To a query, he said the clinical trial on the use of CP was underway, and health officials were receiving some very good results from some of the health facilities where most of the patients who received the plasma recovered and discharged from the hospitals. But he also conceded that there were some “disappointments” where proper care was not provided to patients, especially at some public health facilities in the country.

“The goal of our clinical trial is to prevent COVID-19 patients from [being put on] the ventilators. The antibodies in the convalescent plasma of a recovered patient neutralise the virus in the body of an affected patient and help him recover rapidly without allowing the virus to damage the vital organs of the patient, especially the lungs,” he said.

Lauding the NHSR&C for issuing guidelines on the use of convalescent plasma, he said these should have been issued at least three or four weeks earlier, as, in their absence, a lot of physicians started prescribing CP as “a definite treatment of COVID-19”, while people started using all means at their disposal to acquire the serum for the treatment of patients.

“More than 100 hospitals in India are conducting clinical trials on the convalescent plasma in COVID-19 patients. And here in our country, some hematologists are issuing policy statements against plasma use without knowing anything about the subject,” he added.
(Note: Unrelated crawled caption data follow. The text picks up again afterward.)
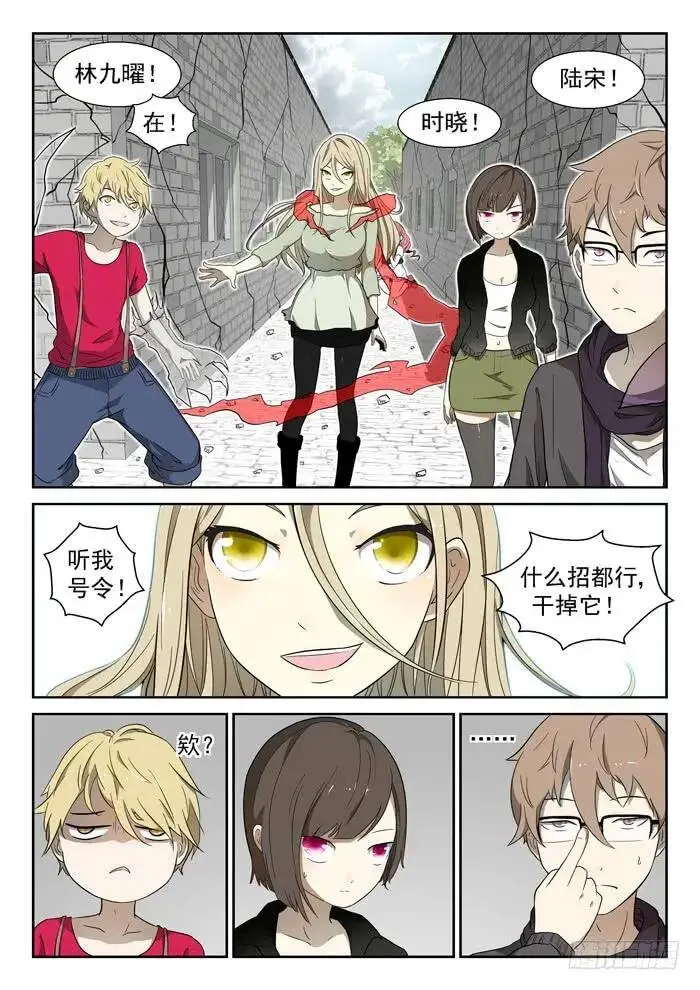 斩牛魔上 第3页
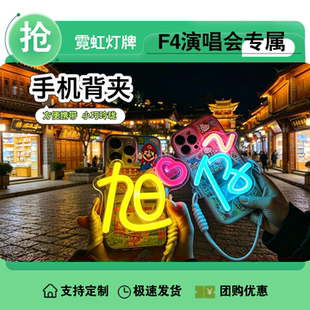 F4言承旭霓虹灯定制发光字LED手举牌演唱会粉丝牌明星气氛道具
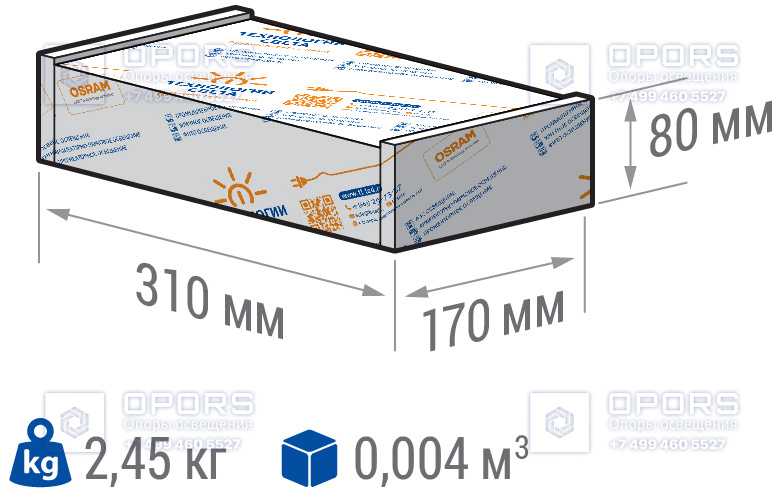 ПРОМЫШЛЕННЫЙ СВЕТИЛЬНИК TL-PROM SM 45 5K К50 фото 2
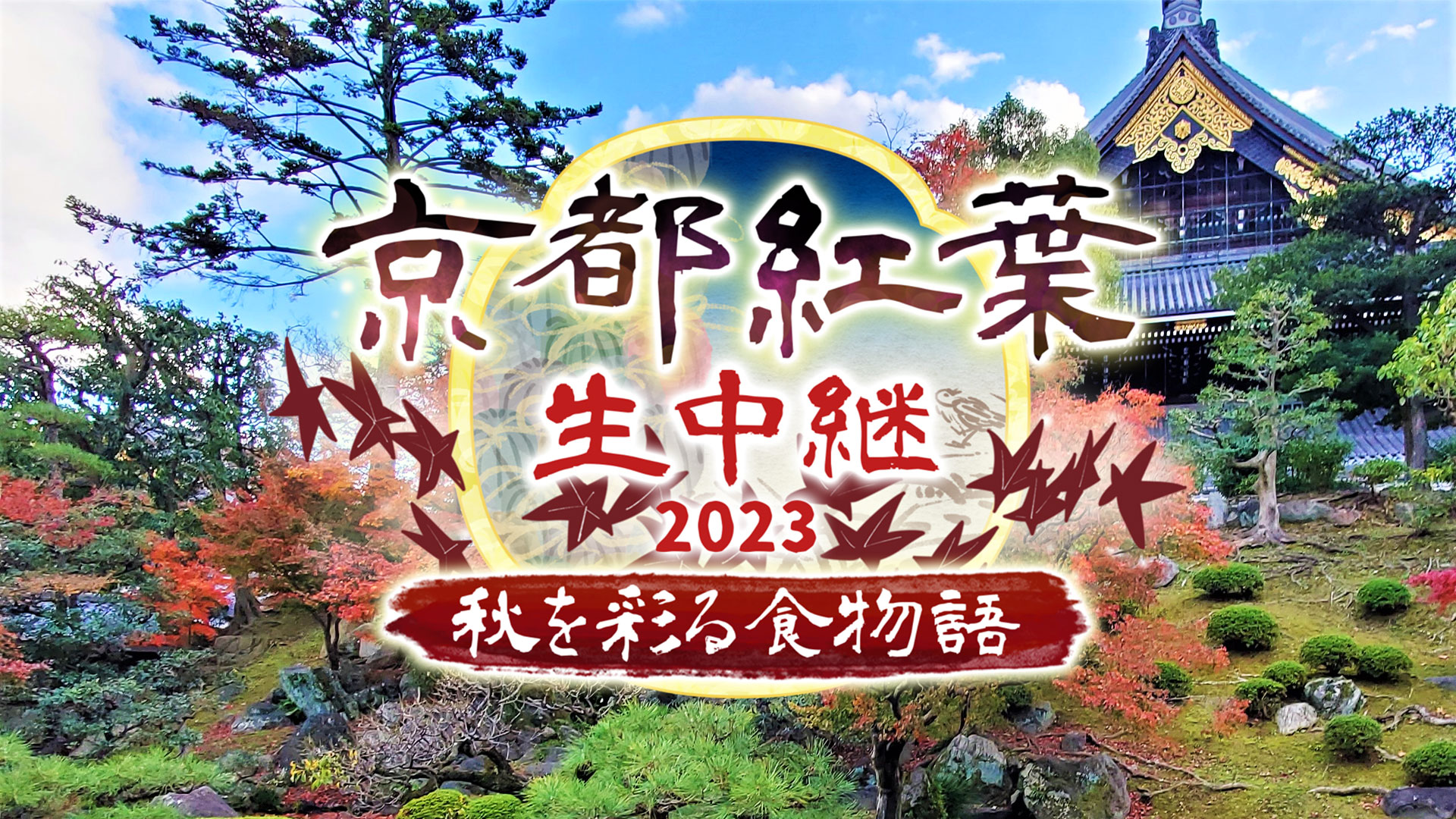 京都紅葉生中継2023～秋を彩る食物語～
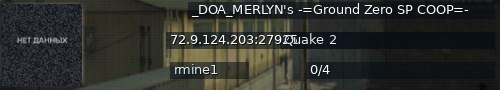 Большой баннер сервера: _DOA_MERLYN's -=Ground Zero SP COOP=-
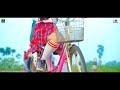 Dil Ke Churake Nagpuri Song | Sameer Raj Romantic Song | Cycle Wali Romantic Cute Love Story 2023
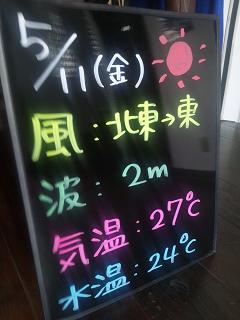 本日の沖縄!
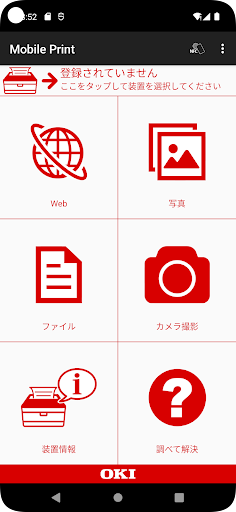アプリのプレビュー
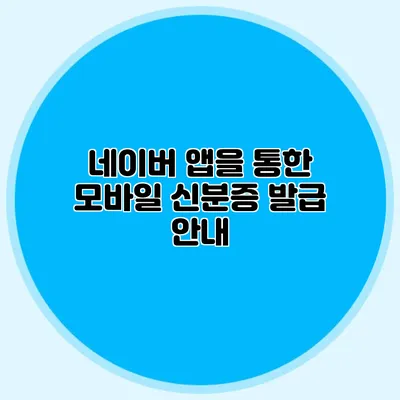 네이버 앱을 통한 모바일 신분증 발급 안내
Harmful for the recipient?

On the other hand, the Pakistan Society of Hematology (PSH) claimed that the use of convalescent plasma could also be harmful to the recipient as there was no scientific proof of its benefit in the treatment of COVID-19 patients.

It added that massive advertisement and unnecessary hype had made people and some healthcare professionals believe that it was the standard treatment for the COVID-19, which had resulted in its misuse and illegal trade in the market. 

“We, the PSH, demand the health department and the regulatory bodies to immediately stop this illegal and potentially harmful plasma trade and regulate its judicial use,” PSH President Gen (retd) Dr Parvez Ahmed said in a policy statement.